[[ RECORDED INFORMATION open ]]
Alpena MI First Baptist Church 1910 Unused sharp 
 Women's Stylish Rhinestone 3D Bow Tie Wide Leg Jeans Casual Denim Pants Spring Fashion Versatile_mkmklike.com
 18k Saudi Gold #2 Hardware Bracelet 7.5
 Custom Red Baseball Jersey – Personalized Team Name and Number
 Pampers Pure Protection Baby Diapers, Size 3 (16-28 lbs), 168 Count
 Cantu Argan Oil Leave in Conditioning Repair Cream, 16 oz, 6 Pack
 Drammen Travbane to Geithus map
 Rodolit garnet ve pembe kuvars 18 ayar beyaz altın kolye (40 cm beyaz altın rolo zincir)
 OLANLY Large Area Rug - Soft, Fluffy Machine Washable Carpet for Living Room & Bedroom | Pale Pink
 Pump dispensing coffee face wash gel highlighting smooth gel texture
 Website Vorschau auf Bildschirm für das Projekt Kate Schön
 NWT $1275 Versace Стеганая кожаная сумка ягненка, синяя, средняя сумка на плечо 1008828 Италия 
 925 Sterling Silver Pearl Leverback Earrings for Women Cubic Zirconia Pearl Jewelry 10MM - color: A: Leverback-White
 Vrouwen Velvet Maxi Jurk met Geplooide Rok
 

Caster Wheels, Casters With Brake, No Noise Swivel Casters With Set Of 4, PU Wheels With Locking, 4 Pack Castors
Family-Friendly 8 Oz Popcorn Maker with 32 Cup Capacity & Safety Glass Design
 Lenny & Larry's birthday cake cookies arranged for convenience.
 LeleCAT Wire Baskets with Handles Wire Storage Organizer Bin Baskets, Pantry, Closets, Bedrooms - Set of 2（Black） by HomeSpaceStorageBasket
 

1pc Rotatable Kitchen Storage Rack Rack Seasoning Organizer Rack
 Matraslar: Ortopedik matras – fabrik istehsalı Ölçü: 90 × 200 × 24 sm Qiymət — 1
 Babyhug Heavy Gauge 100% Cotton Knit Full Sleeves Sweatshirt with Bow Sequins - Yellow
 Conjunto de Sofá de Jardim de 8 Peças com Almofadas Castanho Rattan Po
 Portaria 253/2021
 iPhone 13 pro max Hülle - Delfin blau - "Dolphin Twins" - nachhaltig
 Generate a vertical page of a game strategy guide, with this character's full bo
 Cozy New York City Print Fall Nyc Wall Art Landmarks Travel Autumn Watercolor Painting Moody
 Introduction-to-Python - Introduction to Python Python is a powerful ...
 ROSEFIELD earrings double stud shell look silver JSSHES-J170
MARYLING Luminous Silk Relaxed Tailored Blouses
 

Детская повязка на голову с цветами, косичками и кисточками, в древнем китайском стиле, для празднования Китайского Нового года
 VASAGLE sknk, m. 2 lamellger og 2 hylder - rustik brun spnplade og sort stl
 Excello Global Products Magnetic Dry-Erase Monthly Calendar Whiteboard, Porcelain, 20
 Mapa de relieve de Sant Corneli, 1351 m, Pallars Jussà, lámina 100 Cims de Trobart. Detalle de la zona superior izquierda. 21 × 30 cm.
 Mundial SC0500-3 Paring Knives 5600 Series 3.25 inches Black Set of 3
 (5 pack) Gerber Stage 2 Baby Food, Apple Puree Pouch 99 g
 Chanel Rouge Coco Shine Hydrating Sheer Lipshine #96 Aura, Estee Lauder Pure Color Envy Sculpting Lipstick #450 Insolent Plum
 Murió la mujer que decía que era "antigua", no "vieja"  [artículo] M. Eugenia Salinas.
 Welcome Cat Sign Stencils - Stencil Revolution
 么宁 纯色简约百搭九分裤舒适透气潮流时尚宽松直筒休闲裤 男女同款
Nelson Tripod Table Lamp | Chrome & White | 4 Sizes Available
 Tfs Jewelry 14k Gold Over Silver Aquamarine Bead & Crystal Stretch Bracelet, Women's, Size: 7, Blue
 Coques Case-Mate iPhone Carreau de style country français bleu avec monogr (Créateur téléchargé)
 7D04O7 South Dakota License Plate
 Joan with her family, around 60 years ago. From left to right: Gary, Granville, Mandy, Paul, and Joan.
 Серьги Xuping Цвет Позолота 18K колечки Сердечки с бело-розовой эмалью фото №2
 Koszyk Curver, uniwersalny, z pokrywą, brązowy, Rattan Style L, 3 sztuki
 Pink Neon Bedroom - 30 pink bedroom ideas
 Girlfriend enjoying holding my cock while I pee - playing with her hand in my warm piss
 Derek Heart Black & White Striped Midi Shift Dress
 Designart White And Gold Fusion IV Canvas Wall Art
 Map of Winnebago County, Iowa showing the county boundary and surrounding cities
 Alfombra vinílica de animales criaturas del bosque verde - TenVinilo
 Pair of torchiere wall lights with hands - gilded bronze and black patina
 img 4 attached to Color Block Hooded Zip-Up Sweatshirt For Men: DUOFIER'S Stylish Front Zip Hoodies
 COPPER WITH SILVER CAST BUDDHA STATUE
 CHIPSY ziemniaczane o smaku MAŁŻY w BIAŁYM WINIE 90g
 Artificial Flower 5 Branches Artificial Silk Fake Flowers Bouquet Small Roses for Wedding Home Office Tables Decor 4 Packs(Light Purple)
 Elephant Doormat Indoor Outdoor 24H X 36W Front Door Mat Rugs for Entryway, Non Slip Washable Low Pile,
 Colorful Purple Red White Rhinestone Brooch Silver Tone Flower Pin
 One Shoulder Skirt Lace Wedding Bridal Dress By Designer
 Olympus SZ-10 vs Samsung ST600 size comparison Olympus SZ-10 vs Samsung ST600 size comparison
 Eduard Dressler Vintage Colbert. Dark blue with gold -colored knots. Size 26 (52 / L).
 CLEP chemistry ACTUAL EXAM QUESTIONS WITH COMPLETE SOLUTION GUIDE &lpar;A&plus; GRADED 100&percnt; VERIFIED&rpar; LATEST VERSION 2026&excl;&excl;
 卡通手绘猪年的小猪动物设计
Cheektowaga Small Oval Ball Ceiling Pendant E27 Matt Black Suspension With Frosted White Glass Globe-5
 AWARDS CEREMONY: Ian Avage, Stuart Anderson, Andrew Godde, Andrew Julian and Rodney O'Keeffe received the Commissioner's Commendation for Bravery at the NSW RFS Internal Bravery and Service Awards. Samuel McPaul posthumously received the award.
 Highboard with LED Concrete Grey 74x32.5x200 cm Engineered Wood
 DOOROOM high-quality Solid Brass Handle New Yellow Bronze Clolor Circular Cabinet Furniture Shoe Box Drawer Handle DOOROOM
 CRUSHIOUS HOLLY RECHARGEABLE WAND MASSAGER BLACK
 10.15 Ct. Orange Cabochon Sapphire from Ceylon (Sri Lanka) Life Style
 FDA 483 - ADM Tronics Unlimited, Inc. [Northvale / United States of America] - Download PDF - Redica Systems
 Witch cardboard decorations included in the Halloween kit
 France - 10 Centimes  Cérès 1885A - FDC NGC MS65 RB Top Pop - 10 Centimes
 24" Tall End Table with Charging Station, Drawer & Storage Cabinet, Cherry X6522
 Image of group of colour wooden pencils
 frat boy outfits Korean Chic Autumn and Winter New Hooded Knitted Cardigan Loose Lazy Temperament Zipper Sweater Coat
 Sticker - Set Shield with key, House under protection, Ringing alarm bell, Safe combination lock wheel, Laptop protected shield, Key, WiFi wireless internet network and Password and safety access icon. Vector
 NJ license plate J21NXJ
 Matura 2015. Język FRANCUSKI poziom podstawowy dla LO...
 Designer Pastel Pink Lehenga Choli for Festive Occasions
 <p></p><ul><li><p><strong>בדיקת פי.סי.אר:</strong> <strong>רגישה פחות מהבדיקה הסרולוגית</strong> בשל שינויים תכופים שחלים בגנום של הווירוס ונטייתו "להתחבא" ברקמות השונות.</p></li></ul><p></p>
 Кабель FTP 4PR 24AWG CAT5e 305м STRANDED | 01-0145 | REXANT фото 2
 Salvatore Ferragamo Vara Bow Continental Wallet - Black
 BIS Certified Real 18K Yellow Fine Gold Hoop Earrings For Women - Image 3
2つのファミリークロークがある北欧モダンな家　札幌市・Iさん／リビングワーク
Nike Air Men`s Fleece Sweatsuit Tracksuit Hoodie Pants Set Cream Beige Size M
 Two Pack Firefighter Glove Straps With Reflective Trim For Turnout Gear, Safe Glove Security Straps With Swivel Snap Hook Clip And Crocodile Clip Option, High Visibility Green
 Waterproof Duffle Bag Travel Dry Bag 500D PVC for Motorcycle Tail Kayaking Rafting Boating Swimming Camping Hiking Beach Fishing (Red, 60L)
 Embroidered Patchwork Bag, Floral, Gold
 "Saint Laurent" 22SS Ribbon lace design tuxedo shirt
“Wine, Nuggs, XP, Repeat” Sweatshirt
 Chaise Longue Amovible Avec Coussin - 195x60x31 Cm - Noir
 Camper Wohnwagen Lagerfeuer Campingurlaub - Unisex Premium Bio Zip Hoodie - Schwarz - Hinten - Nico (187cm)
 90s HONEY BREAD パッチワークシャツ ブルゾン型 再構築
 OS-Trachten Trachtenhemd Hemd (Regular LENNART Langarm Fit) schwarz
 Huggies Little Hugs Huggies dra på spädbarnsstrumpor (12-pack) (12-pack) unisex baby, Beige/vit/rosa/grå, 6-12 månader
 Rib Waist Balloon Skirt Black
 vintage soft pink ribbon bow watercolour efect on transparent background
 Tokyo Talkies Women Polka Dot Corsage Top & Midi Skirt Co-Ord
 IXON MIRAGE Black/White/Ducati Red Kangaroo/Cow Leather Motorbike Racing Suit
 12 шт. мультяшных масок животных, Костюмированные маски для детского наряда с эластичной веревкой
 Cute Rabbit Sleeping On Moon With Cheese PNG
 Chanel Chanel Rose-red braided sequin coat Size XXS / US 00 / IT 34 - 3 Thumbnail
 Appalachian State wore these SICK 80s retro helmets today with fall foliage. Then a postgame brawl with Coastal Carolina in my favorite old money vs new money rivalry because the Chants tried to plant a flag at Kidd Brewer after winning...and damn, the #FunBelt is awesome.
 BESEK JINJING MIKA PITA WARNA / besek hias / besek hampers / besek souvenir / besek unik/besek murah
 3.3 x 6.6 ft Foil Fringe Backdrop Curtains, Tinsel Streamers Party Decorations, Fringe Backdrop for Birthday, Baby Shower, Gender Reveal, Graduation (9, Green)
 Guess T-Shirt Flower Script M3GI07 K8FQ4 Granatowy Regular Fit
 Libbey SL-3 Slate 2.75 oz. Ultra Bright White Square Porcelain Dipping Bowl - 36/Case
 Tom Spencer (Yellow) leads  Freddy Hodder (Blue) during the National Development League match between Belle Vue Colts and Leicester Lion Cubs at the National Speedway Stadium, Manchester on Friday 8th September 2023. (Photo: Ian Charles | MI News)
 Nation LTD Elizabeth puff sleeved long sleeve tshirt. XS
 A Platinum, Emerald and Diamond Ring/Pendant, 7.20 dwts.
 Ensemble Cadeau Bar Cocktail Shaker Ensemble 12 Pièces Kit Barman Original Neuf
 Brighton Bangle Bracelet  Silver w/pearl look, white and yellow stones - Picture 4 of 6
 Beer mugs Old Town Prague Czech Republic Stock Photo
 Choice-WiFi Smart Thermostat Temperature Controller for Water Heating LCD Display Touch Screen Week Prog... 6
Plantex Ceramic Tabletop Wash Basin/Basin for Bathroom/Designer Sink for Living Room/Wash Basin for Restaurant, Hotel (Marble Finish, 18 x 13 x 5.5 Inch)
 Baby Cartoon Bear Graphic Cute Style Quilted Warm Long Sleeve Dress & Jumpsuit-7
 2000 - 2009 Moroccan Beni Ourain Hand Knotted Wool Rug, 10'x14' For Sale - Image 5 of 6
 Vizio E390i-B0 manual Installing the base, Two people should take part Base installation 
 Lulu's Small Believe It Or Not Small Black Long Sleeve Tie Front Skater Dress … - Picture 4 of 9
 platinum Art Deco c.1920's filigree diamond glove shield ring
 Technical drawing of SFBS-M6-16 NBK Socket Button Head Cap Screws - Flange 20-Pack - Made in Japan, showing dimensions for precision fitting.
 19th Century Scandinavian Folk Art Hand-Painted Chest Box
[[ RECORDED INFORMATION closed ]]
→ **HOW TO COMPLETE THIS TASK**:
Copy the lines of the data above exactly as written, beginning with the line containing "Coques Case-Mate iPhone" and ending with the line containing "Серьги Xuping Цвет", and leave out all other lines.

→ **OUTPUT**:
 Coques Case-Mate iPhone Carreau de style country français bleu avec monogr (Créateur téléchargé)
 7D04O7 South Dakota License Plate
 Joan with her family, around 60 years ago. From left to right: Gary, Granville, Mandy, Paul, and Joan.
 Серьги Xuping Цвет Позолота 18K колечки Сердечки с бело-розовой эмалью фото №2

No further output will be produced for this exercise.